Crawled caption data:
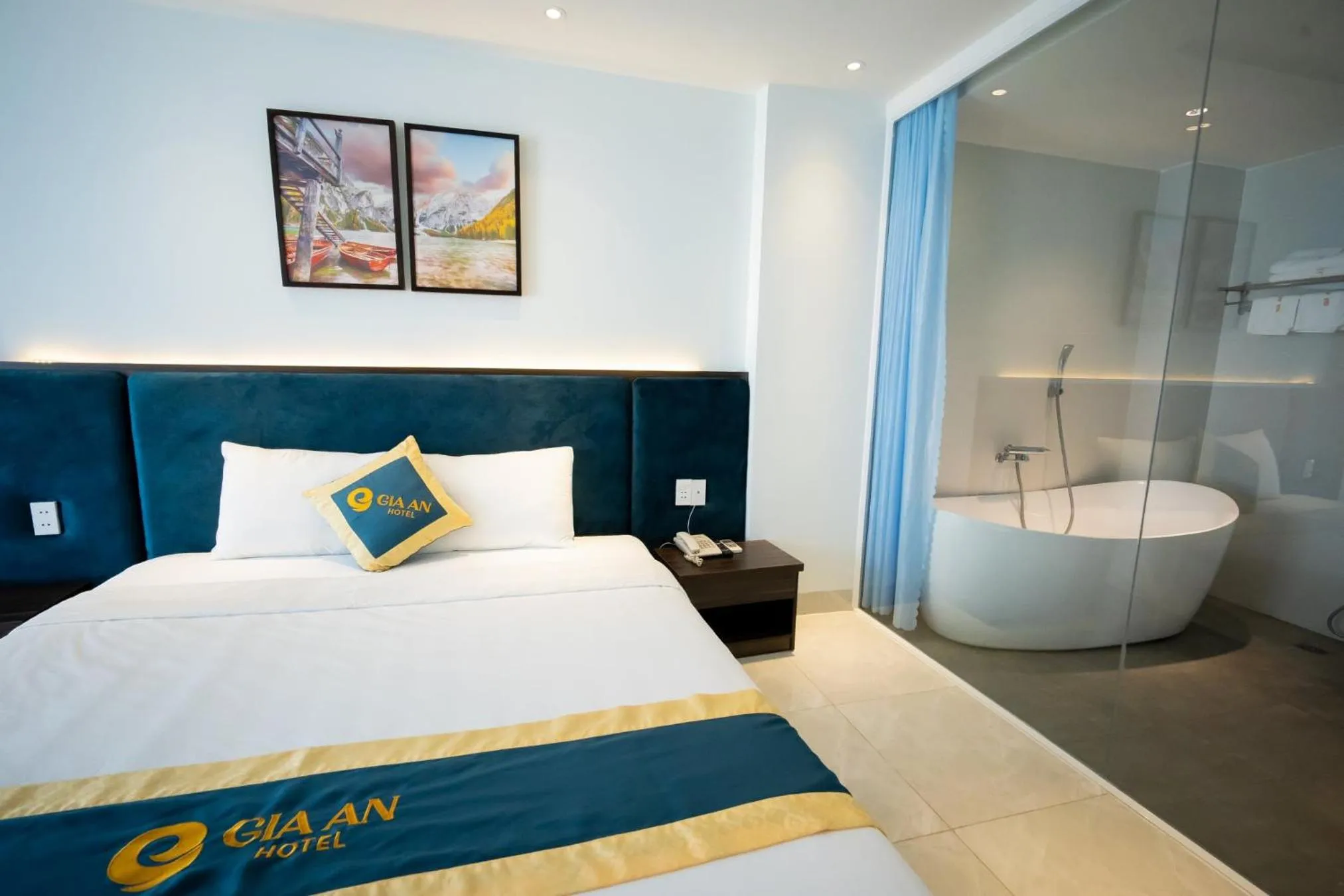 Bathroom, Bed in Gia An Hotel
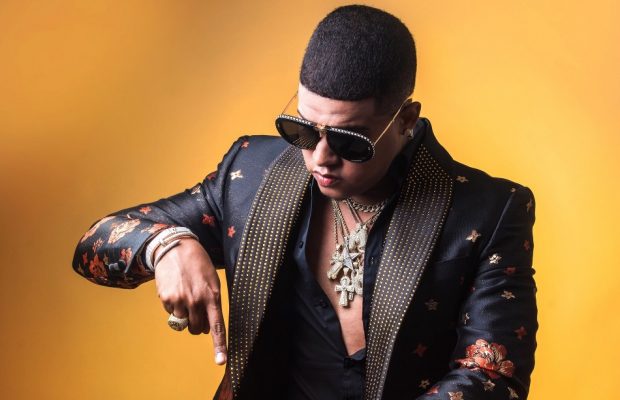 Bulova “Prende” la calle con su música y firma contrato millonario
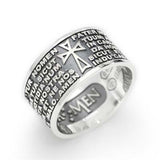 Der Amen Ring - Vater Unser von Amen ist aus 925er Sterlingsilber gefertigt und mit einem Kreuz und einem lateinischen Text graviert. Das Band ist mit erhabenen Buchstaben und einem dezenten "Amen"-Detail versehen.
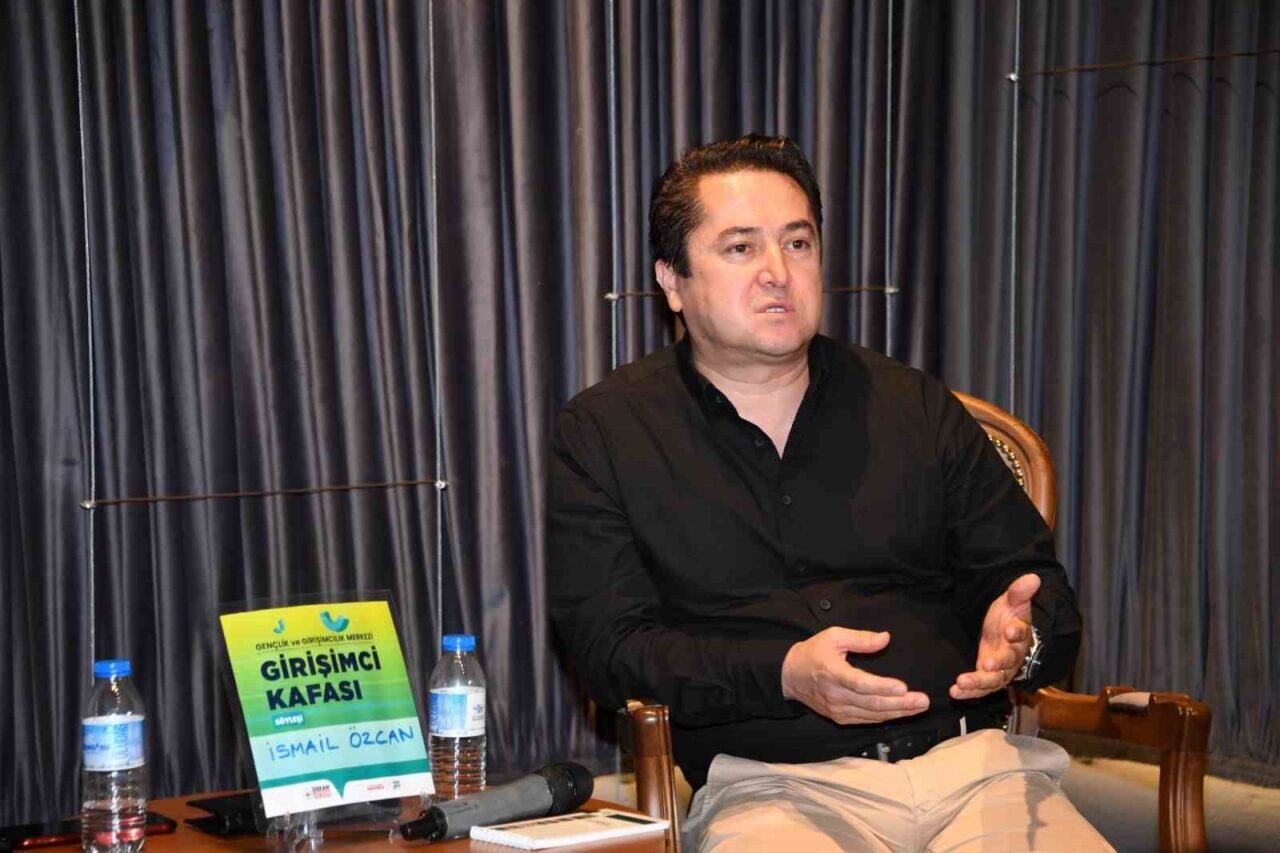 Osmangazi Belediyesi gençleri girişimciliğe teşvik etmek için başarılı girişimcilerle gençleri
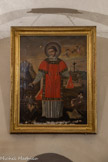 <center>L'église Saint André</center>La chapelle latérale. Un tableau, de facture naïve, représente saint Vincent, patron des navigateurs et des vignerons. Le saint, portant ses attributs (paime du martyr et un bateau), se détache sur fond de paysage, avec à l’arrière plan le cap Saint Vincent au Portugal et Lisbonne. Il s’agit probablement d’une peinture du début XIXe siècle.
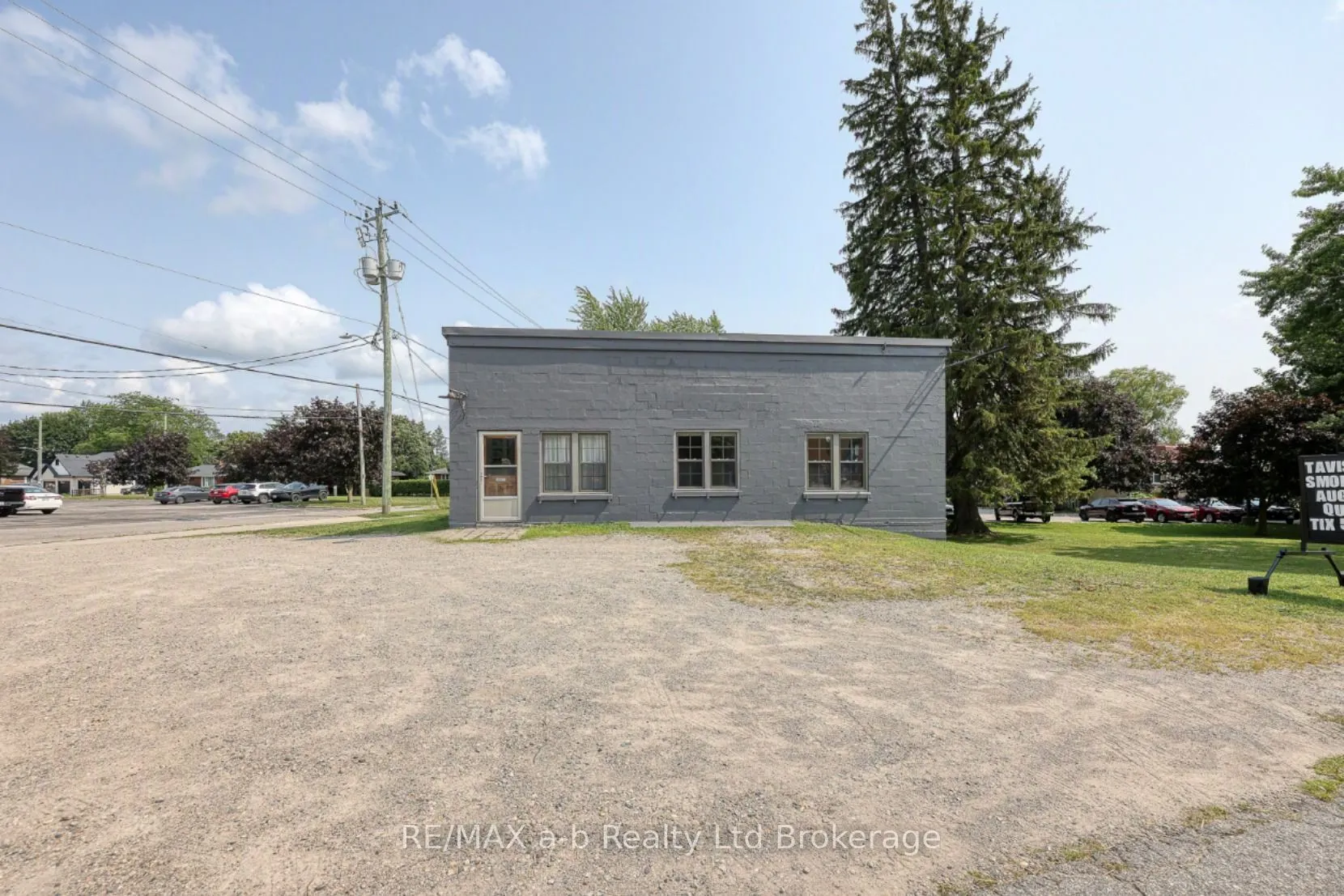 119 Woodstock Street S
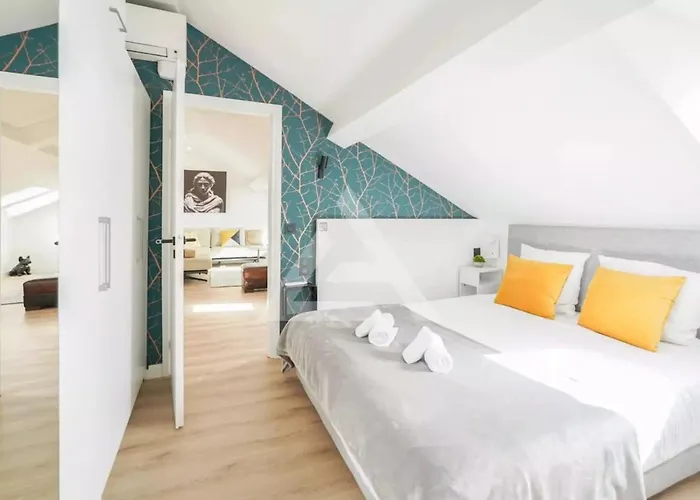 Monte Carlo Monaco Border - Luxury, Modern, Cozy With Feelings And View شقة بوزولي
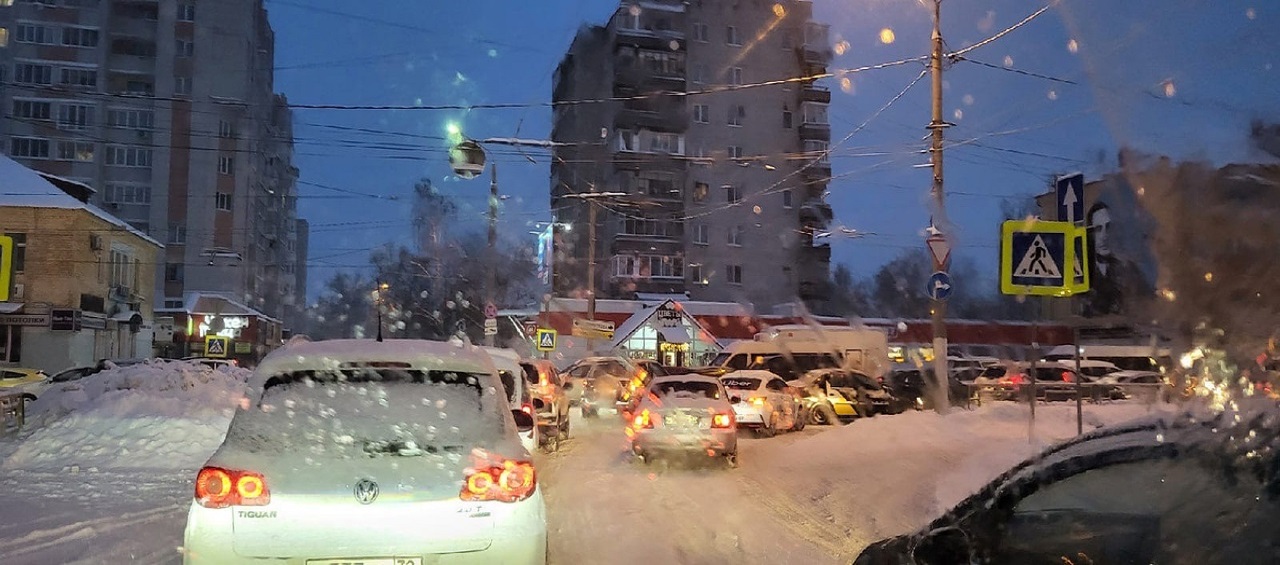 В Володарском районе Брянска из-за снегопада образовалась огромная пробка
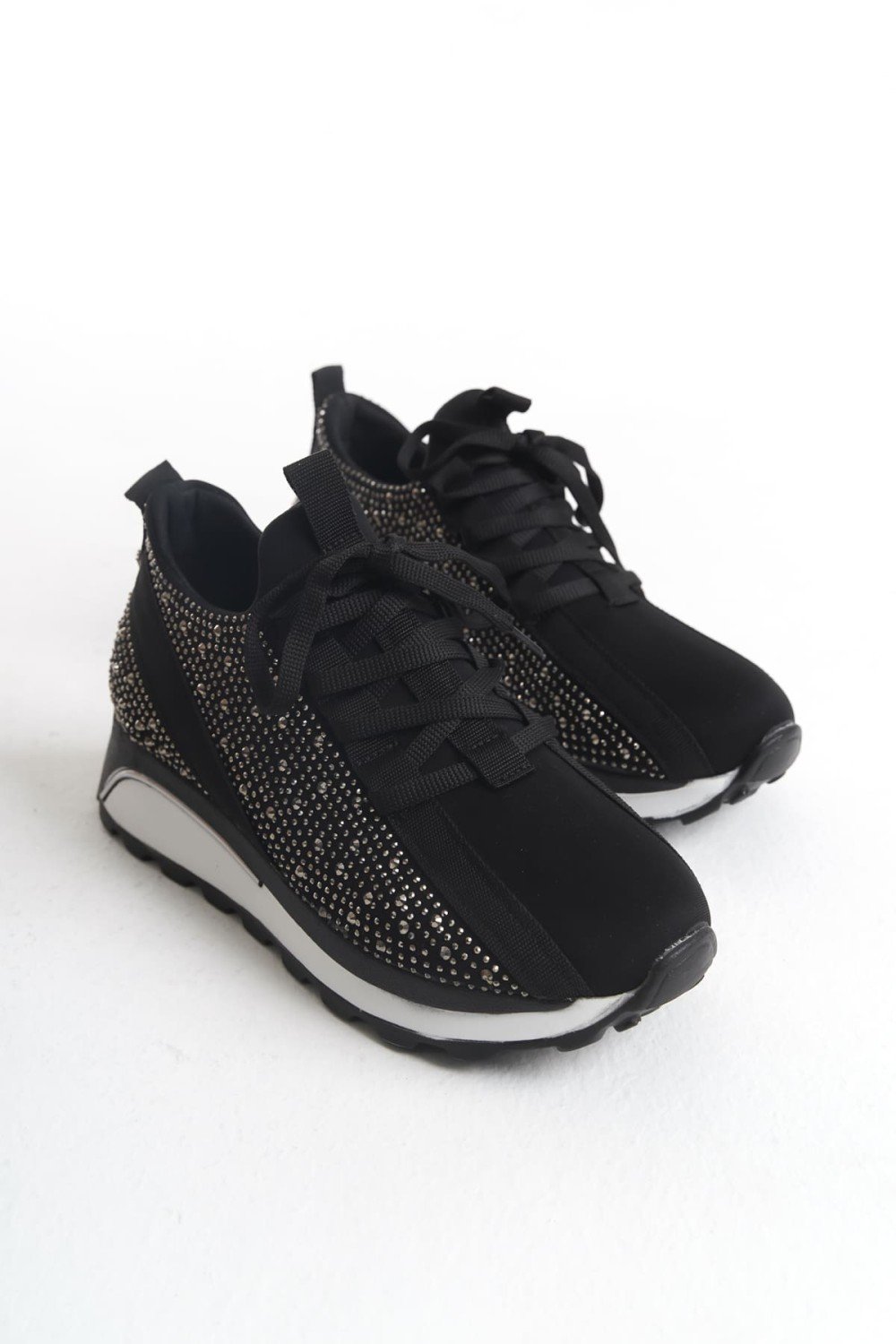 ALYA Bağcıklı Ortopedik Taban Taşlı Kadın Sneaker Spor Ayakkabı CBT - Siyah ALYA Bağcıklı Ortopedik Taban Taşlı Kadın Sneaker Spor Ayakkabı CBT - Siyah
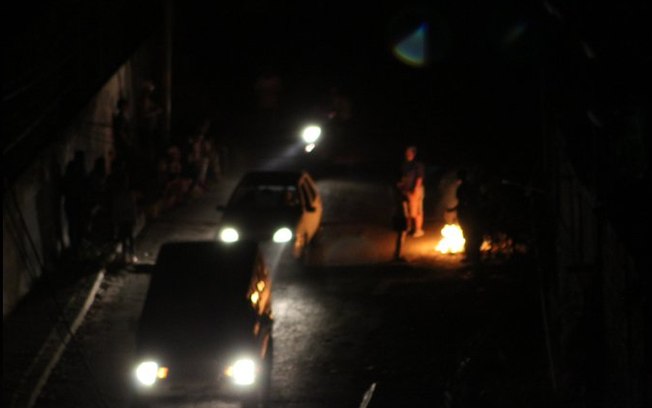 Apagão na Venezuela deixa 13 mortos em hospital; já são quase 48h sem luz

TASK ITEM: Each entry above should be reproduced exactly, with the pictures removed.

RESPONSE:
 Bathroom, Bed in Gia An Hotel
 Bulova “Prende” la calle con su música y firma contrato millonario
 Der Amen Ring - Vater Unser von Amen ist aus 925er Sterlingsilber gefertigt und mit einem Kreuz und einem lateinischen Text graviert. Das Band ist mit erhabenen Buchstaben und einem dezenten "Amen"-Detail versehen.
 Osmangazi Belediyesi gençleri girişimciliğe teşvik etmek için başarılı girişimcilerle gençleri
 <center>L'église Saint André</center>La chapelle latérale. Un tableau, de facture naïve, représente saint Vincent, patron des navigateurs et des vignerons. Le saint, portant ses attributs (paime du martyr et un bateau), se détache sur fond de paysage, avec à l’arrière plan le cap Saint Vincent au Portugal et Lisbonne. Il s’agit probablement d’une peinture du début XIXe siècle.
 119 Woodstock Street S
 Monte Carlo Monaco Border - Luxury, Modern, Cozy With Feelings And View شقة بوزولي
 В Володарском районе Брянска из-за снегопада образовалась огромная пробка
 ALYA Bağcıklı Ortopedik Taban Taşlı Kadın Sneaker Spor Ayakkabı CBT - Siyah ALYA Bağcıklı Ortopedik Taban Taşlı Kadın Sneaker Spor Ayakkabı CBT - Siyah
 Apagão na Venezuela deixa 13 mortos em hospital; já são quase 48h sem luz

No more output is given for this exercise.